Hey Saturday Sun (Day 206)

I've been looking into playing some ROM hacks recently because I want to replay Final Fantasy VI but would prefer if it were even remotely a challenge. I found a hack called the "Evil Type" and it seemed pretty promising, but unfortunately I can't seem to get it to work. Every time I apply the .ips to the unpatched ROM, the game no longer works. When I try to load it up, I just get a black screen. This is pretty disappointing because I think it would be really fun to try. Oh well; I'll keep experimenting with it. For now I'm pretty irritated with it.

This is the second day in  row of not making progress on Final Fantasy II. I'm a little concerned that I'm going to lose interest. I'm not super into the game by any means, but I would still definitely like to finish it--if for no other reason that I would no longer feel obligated to play it. I feel like I can't resume Final Fantasy XIII-2 until I'm done with it, and I'd really like to continue playing it. I'm not sure why I deprive myself of something I actually want to do, but I guess it's just how my mind works.

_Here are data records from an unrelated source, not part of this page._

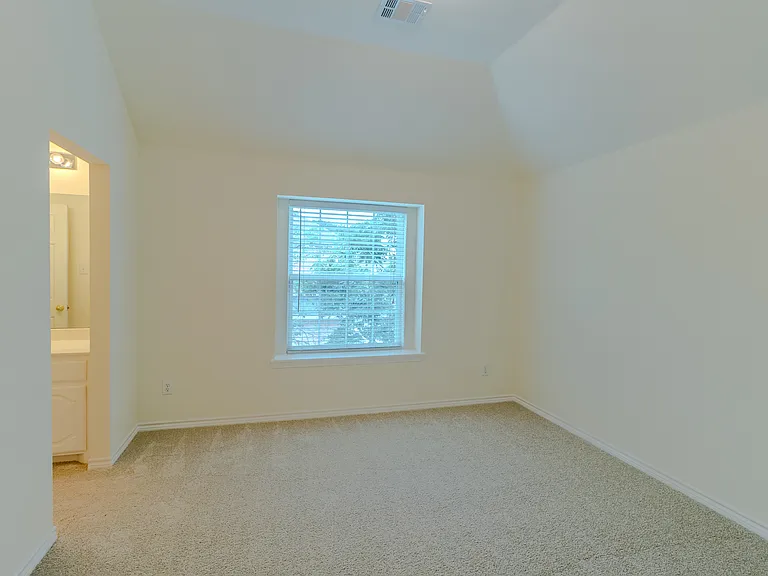 103 Westminister Ave — Photo 28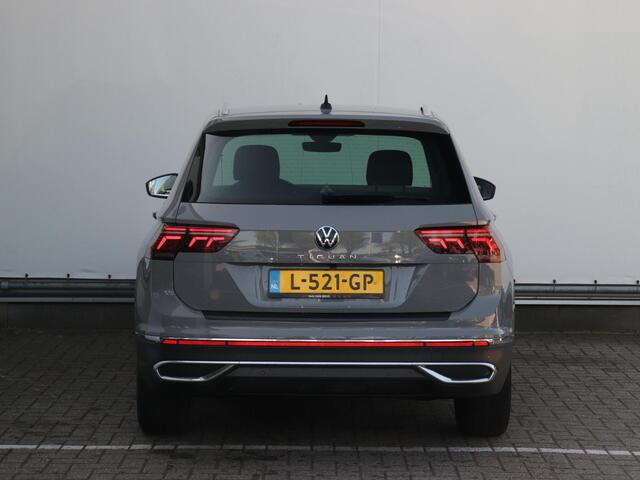 Volkswagen TIGUAN 1.5 TSI Elegance | Stoel & stuur verwarming | Trekhaak | Navigatie | Camera | Keyless |
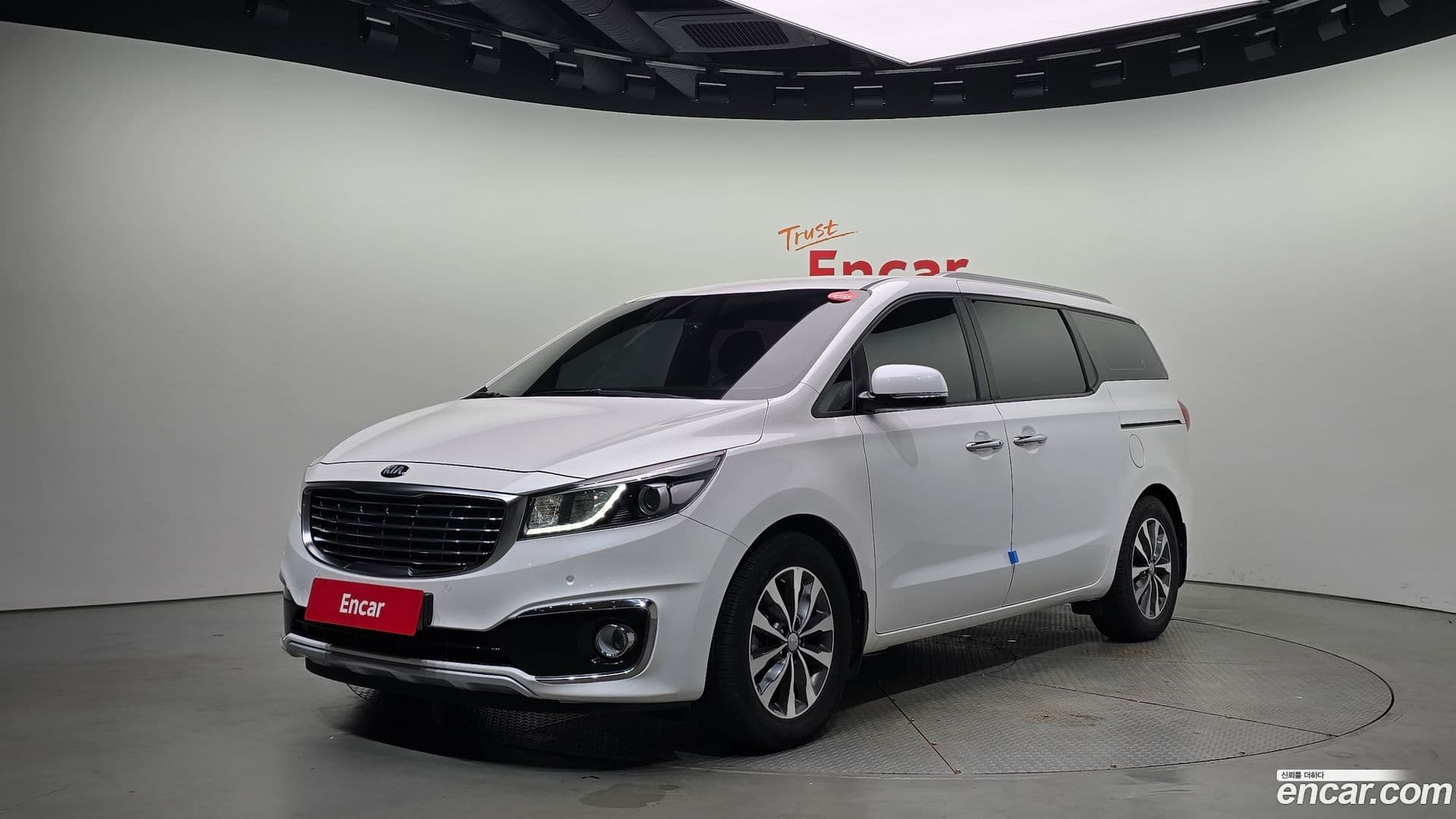 Main__Slider__Photo:Canival Kia 2017.0-0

Honestly, I'm not really even in a difficult spot in Final Fantasy II, if such a thing even exists. I've taken a brief break from the game due primarily to circumstance. I've been playing a lot of League of Legends with friends instead. I like hanging out with them (online) but sometimes I feel like it'd be better if we just chatted instead of actually playing. It seems so rare these days that I actually have fun playing the game. Because I play it so infrequently, my skill level has degraded. My decision making has degraded. And I don't feel motivated enough to do anything about that. There are so many other games I'd rather play instead. I'm beginning to grow tired of being inundated with League of Legends content all day every day. 


I've been in moods like this before and it led to me taking a break and maybe playing WoW for awhile. Well, I've recently played Rift pretty extensively so I'm not in much of an MMO mood. The problem is that I like having a game to play socially. League of Legends is a perfect fit because it's free and easily accessible to just about anyone. Sometimes, though, I feel like I've just really had my fill of the game. I've been playing it for years--and not just sporadically. I've been playing it very regularly for probably four years now. But I have so many other games to play now, and I no longer feel the need to play it alone. It's getting to the point where I'm reluctant to play it even with friends.

How do I continue to socialize with these people without feeling like an exile, though? I don't have social interactions like other people do. I very rarely leave my house. I'm definitely an internet kind of dude. I can keep showing up in TeamSpeak and chatting with these guys but the temptation to play LoL will always be there. In some cases I might be pressured into it, even if I don't think I'll necessarily enjoy it. It's not an easy situation to resolve.